China: Unfriendly Regulations Aren’t Stopping Banks From Using Blockchain

A dozen state-owned and private banks (out of 26 publicly listed banks in China) say they use blockchain technology, according to a May 4 report by CEBNet, which tracks the Chinese banking industry. Some examples…

Agricultural Bank of China has developed a decentralized network to offer unsecured loans for agricultural e-commerce merchants. It automates the loan issuance process.

China Construction Bank has launched a blockchain-based platform that provides cross-bank and cross-border loan issuance for small businesses. About $251 million worth of transactions have been processed so far.

Bank of China has completed testing for a distributed IT infrastructure to be deployed across its branches. It will enable further development of a blockchain-based digital wallet.

More than 225 blockchain patents were filed in China in 2017. It’s the most of any country.

Pretty impressive. Just think how much more would have been achieved had China not cracked down on crypto activity last year.

JPMorgan: Rethinking How Global Banks Source and Share Critical Information

Jamie Dimon’s outfit has been actively developing blockchain technology since 2015, when it began working on the Quorum platform in partnership with startup EthLab.
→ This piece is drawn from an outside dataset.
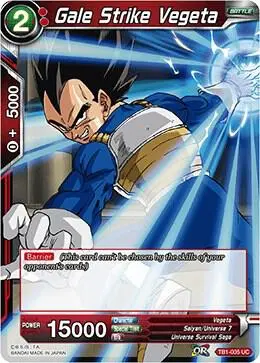Gale Strike Vegeta card art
Quorum is essentially an enterprise version of Ethereum.

In May, news came out that JPMorgan filed for a patent last October that does a lot of the things that Quorum does. The patent uses distributed ledgers to record payments being sent from one bank to another using a peer-to-peer network. It would make real-time settlements cheaper and quicker.

Why? The patent filing explains, “For a cross-border payment to be made from a payment organization to a payment beneficiary, a number of messages must be sent between the banks and clearing houses involved in processing the transaction. This often results in a slow transaction…”

spotlight: korea

When South Korea Sneezes, Cryptos Catch a Cold

In the cryptocurrency world, there are essentially five markets that drive prices up or down: the United States, the European Union, China, South Korea and Japan. Any dramatic shift in prices – up or down – can usually be traced to news coming from one of these places.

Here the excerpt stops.